With all of the recent talk about a cashless society, the question inevitably turns to the role of Bitcoin and other digital currencies. Some people would like to see more anonymity in Bitcoin, especially when considering how going cashless would give banks and governments a complete overview of how consumers spend their funds.
Going Cashless Means No Financial Privacy
Although some people might be in favor of going cashless – who likes those coins and paper bills anyway? – there are a lot of downsides to this concept as well. First and foremost, consumers would completely rely on banks to access their money, which could lead to financial institutions charging fees for even the most basic of tasks.
Secondly, putting banks in full control of our society’s money is the last thing anyone should want. Banks already hold a lot of control over our funds, and they are the very reason the recent financial crisis took place to begin with. If all of our funds is in their control at all times, who will stop them from limiting consumers to spend X amount of money per day? Just look at what happened in Greece, and it becomes clear capital control is not something to look forward to.
But what is perhaps the biggest issue is how financial institutions – and indirectly, the government – would see the pattern of consumer behavior.
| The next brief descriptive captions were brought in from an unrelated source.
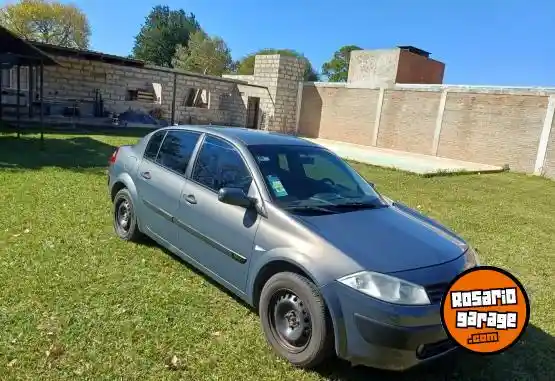Renault Megane 2 2008 - foto 1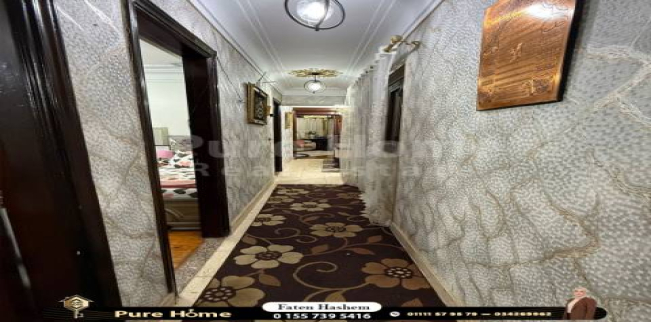 Apartment For Sale In Loran - Qism El-Raml - Alexandria
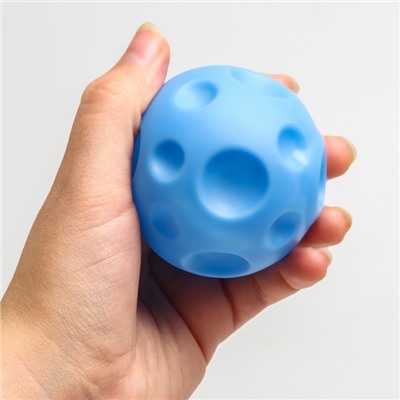 Подарочный набор сенсорных развивающих мячиков «Сумочка», 4 шт.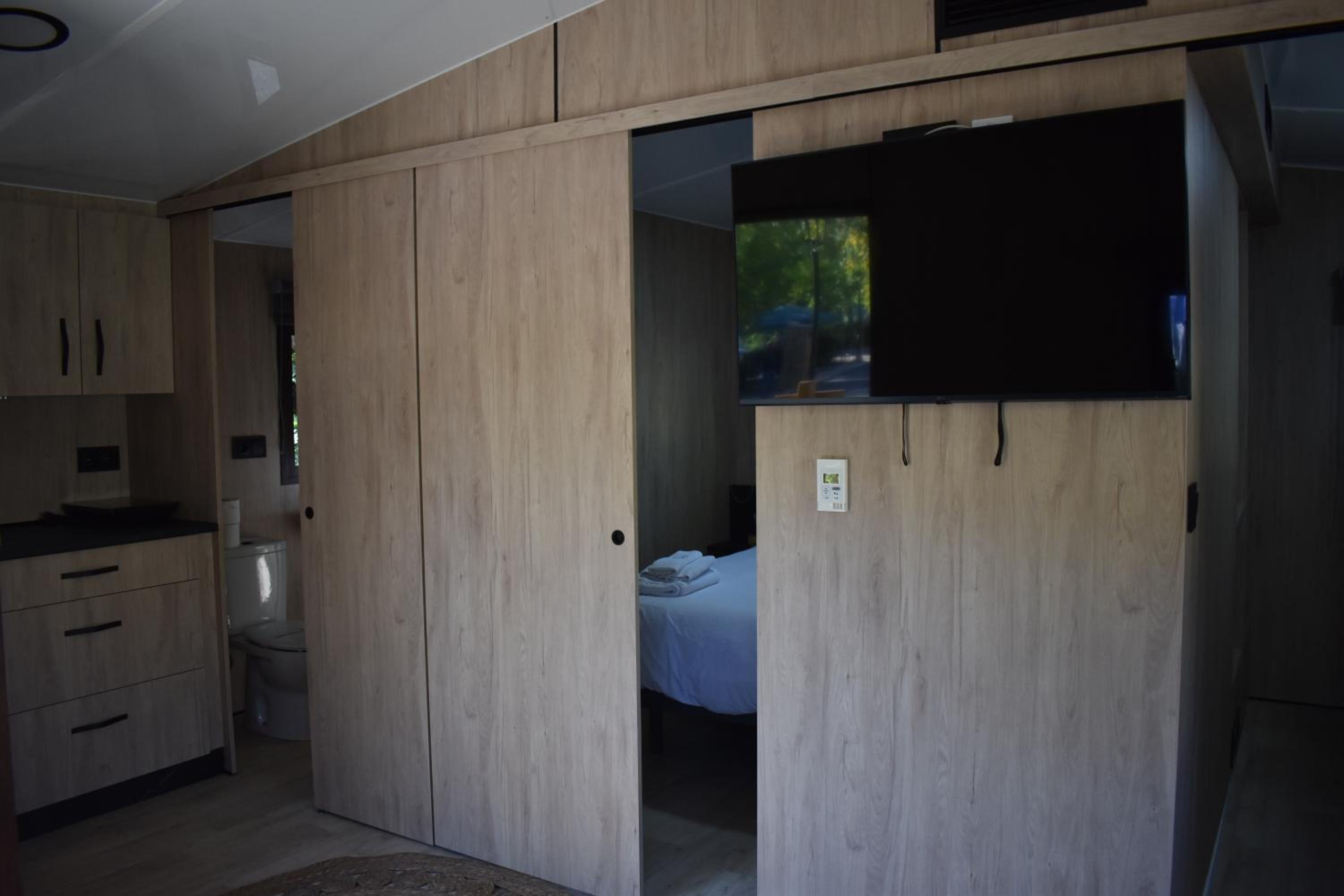 Camping Valdeluna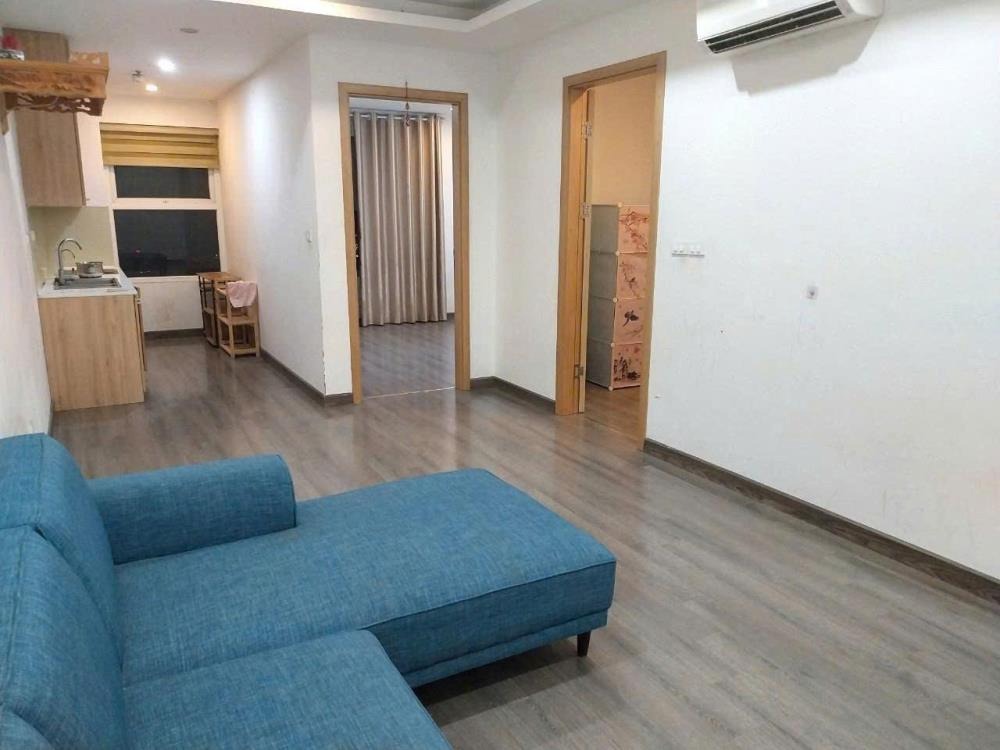 Cho Thuê Căn Hộ FLC Quang Trung 65m² - 2PN, Giá 8.5 Triệu/Tháng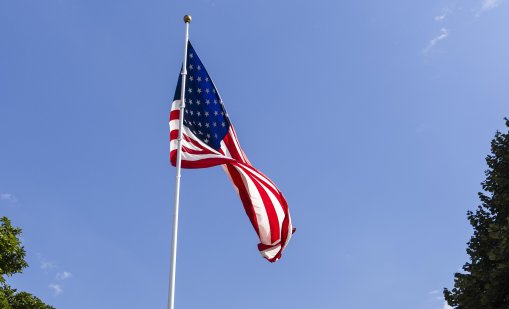 Пентагонът e свалил американски правителствен дрон в щата Тексас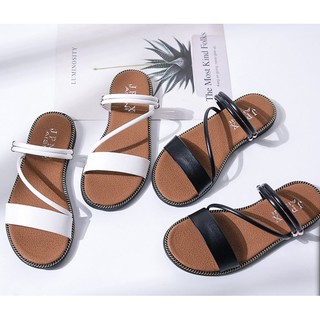 [TRỢ GIÁ 79K] SANDAL - DÉP NỮ HÈ 2018- có sẵn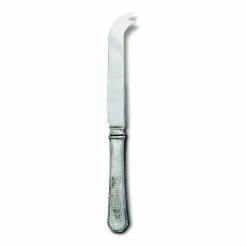 Vagabond House Garden Friends Hammered Cheese Knife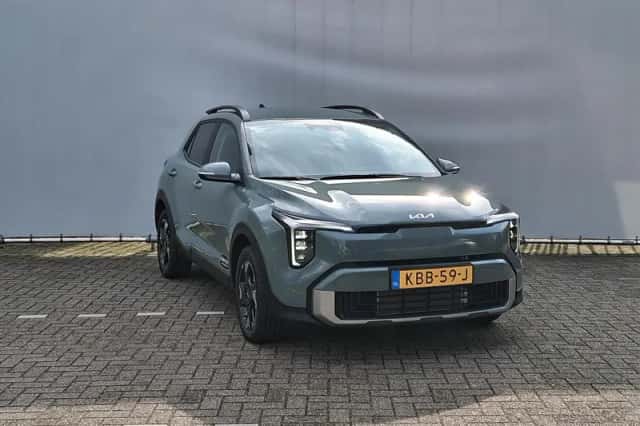 Kia Stonic (2026) thumbnail 6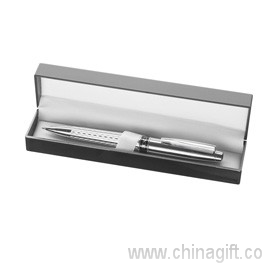 Luxe Renegade Ballpoint Pen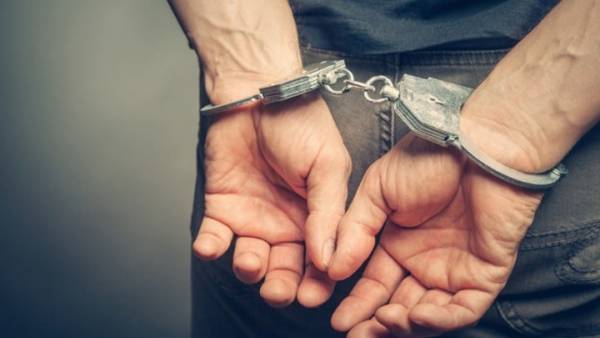 Σύλληψη 19χρονου για ληστεία στο Κιλκίς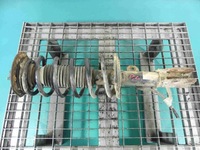 фото thumb №1, Амортизатор перед левый chevrolet captiva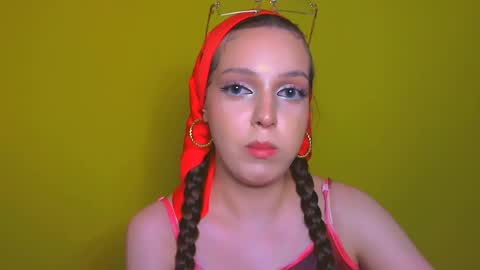 Miss Jessica  Boss Jordan online show from 19, 5, 2026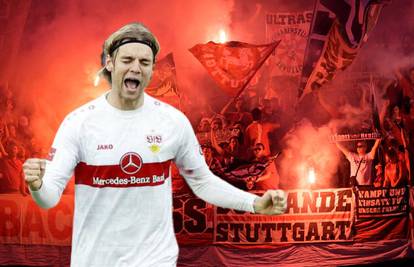 'Švabe' srušile HSV i u uzvratu, Bundesliga ostaje u Stuttgartu!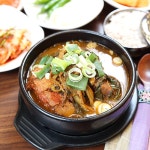 철산감자탕 - 경기 광명시 철산동 지역맛집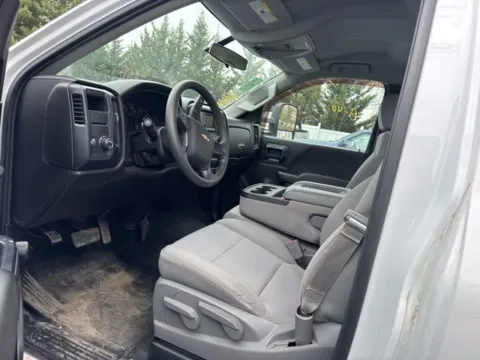 Photos of 2014 Chevrolet Silverado 1500 Work Truck for sale in Frederick, MD at Hi Lo Auto Sales - Frederick - Route 40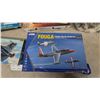 Image 4 : 6 models 1/48 scale Hobby Boss F4F-3 Wildcat (Early) and Kinetic Fouga CM.170 Magister 2 Kits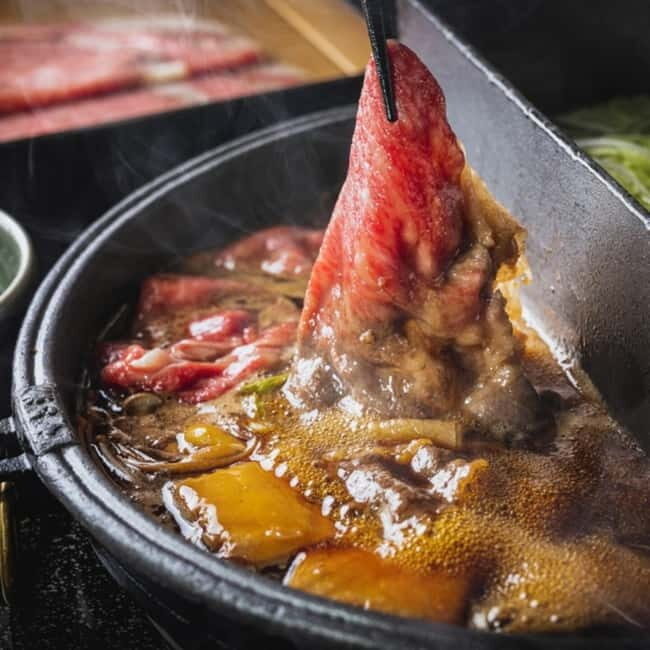 Sapporo: All You Can Eat Sukiyaki & Shabu-Shabu Reservation - An Overview of the Experience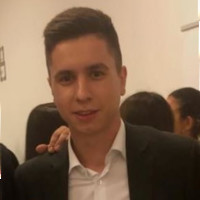 David Durán Fernández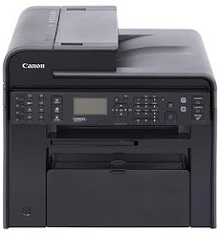 Pilote Canon i-SENSYS MF4750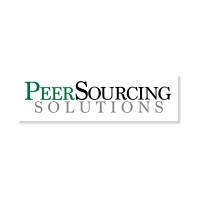PeerSourcing Solutions Logo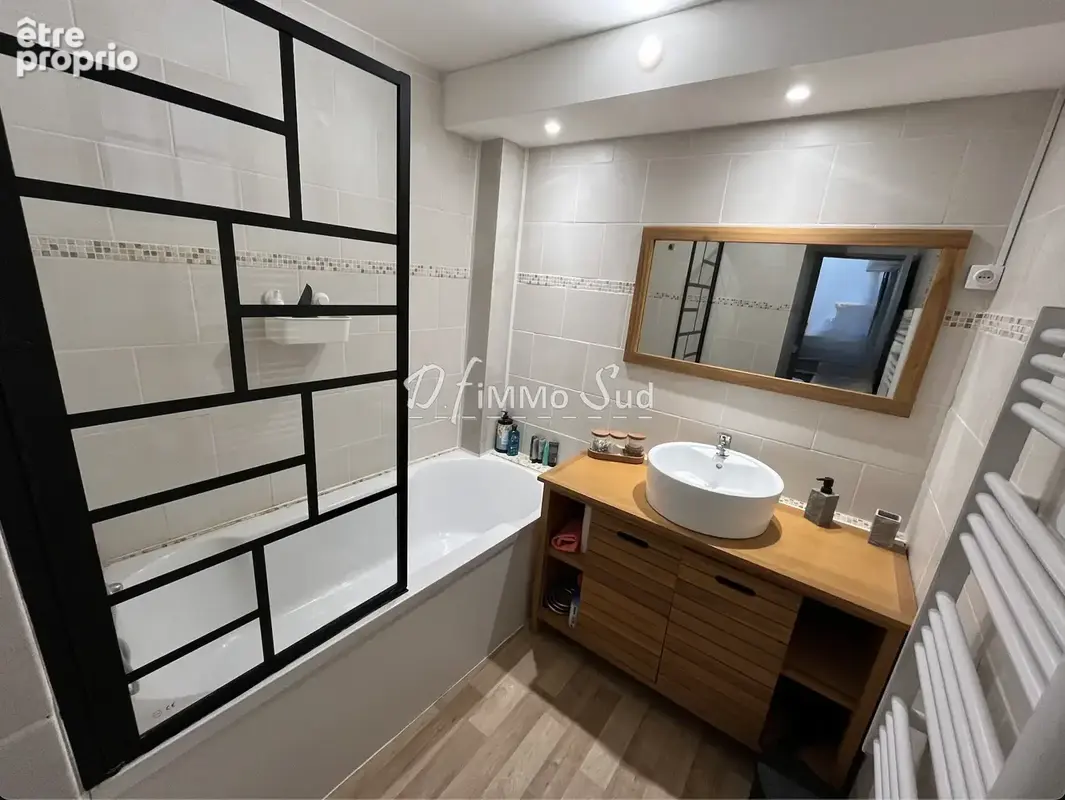 Maison de village T5 en r+2 en très bon état - photo 8
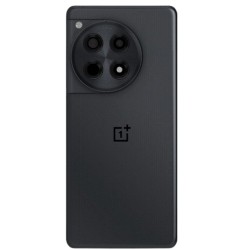 Oneplus 12R Rear Housing Back Panel Module - Iron Gray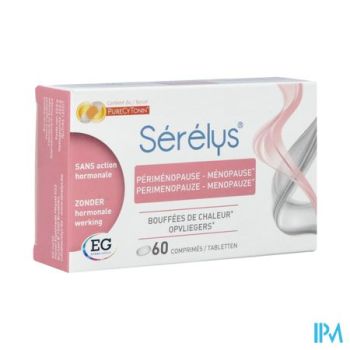 Serelys Comp 60
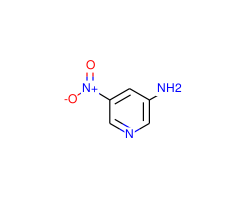 5-Nitropyridin-3-amine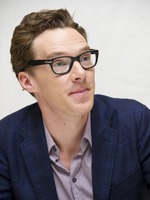 Benedict Cumberbatch mug #G751602
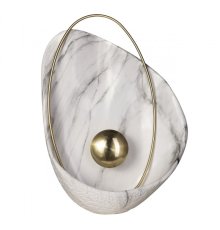 Бра Loft IT Clam 10043 White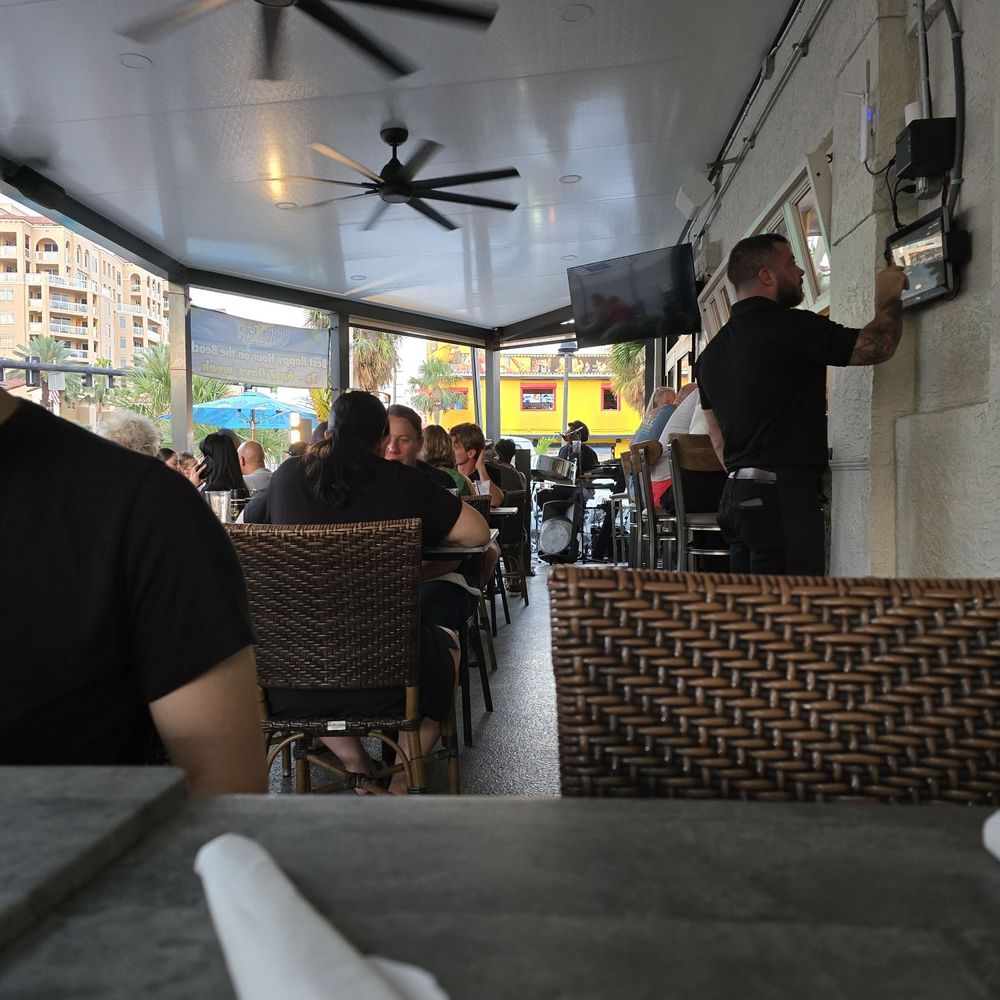 Clear Sky Cafe - New American Near Me - Clearwater, Florida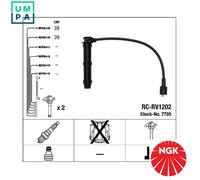 IGNITION CABLE KIT 7705 FOR LAND ROVER FREELANDER/SUV/Soft/Top MG MGF 1.8L 4cyl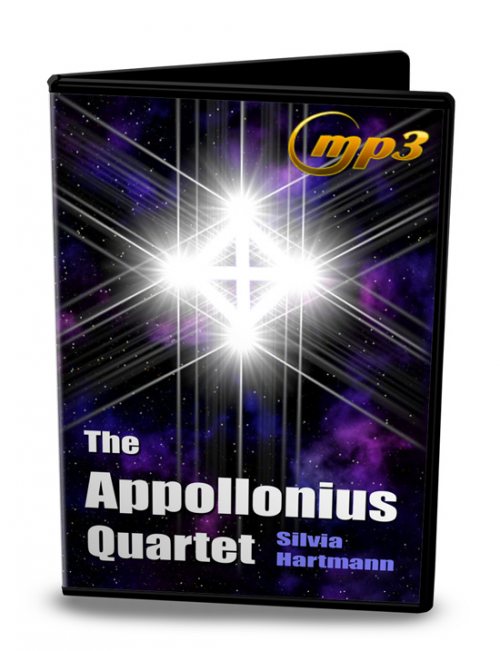 Appollonius Quartet
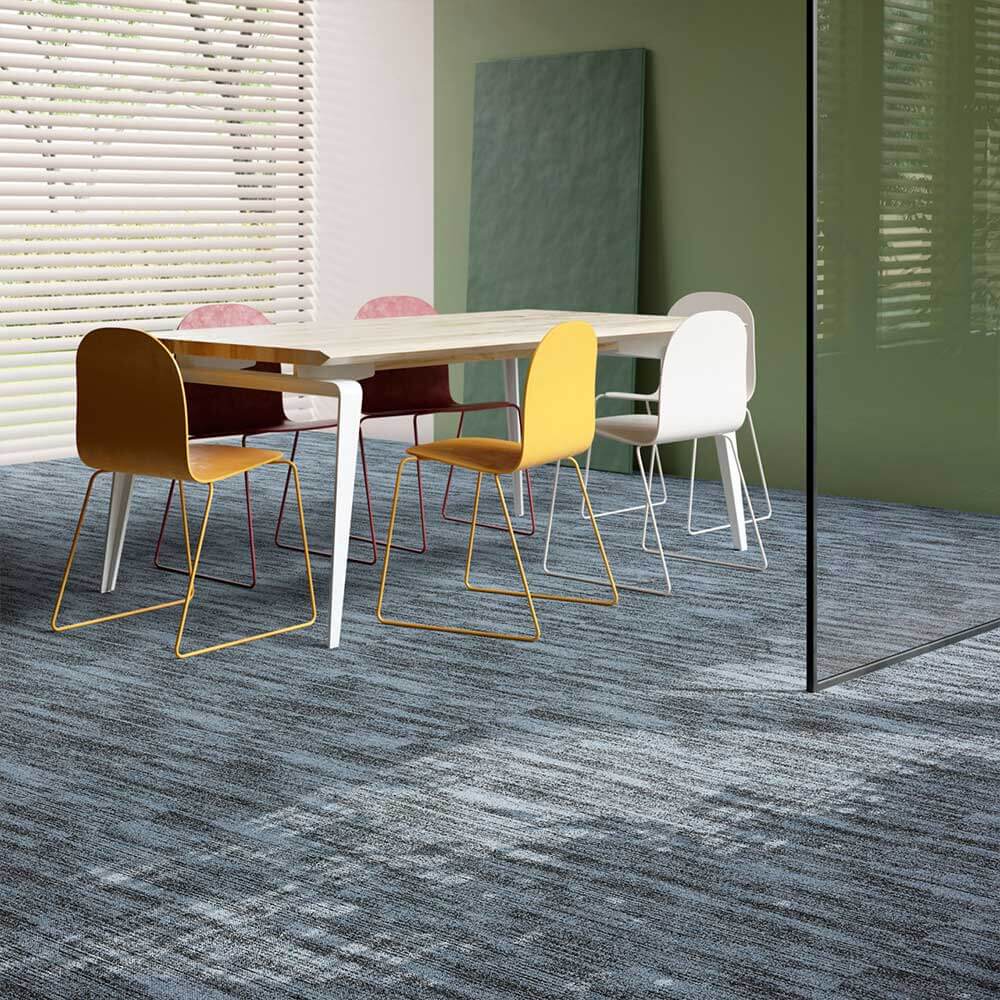 Mohawk Light Art - Flare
Cash payments are not registered anywhere in some ledger or database, and banks nor governments have any insights as to what type of products we buy with cash. If these entities would see every expense we make, there is no telling what they could do with that treasure trove of information.
Unfortunately, there are very few options for additional privacy or anonymity for the average consumer. Most of us do not have access to offshore accounts, and we cannot open bank accounts or credit cards on a company name that may or may not exist. Bitcoin seems to offer a valuable alternative, to a cashless society, but it lacks privacy and anonymity traits.
This brings us back to the question of whether or not Bitcoin developers need to come up with more privacy-centric solutions. Transparency of all transactions on the network in real-time is a positive aspect of Bitcoin, but it also scares away potential users of the digital currency. Even though one can’t just point at a wallet address and link an identity to it, that is exactly how Bitcoin works in the mind of everyday consumers.
If we are to evolve into a cashless society, privacy-centric features in Bitcoin are a necessity. Not just for the people who have been using this digital currency for quite some time now, but especially for those who haven’t yet. Bitcoin has no centralized authority – such as a bank or government – to harvest data, but that does not mean users should not have the right to make certain information private.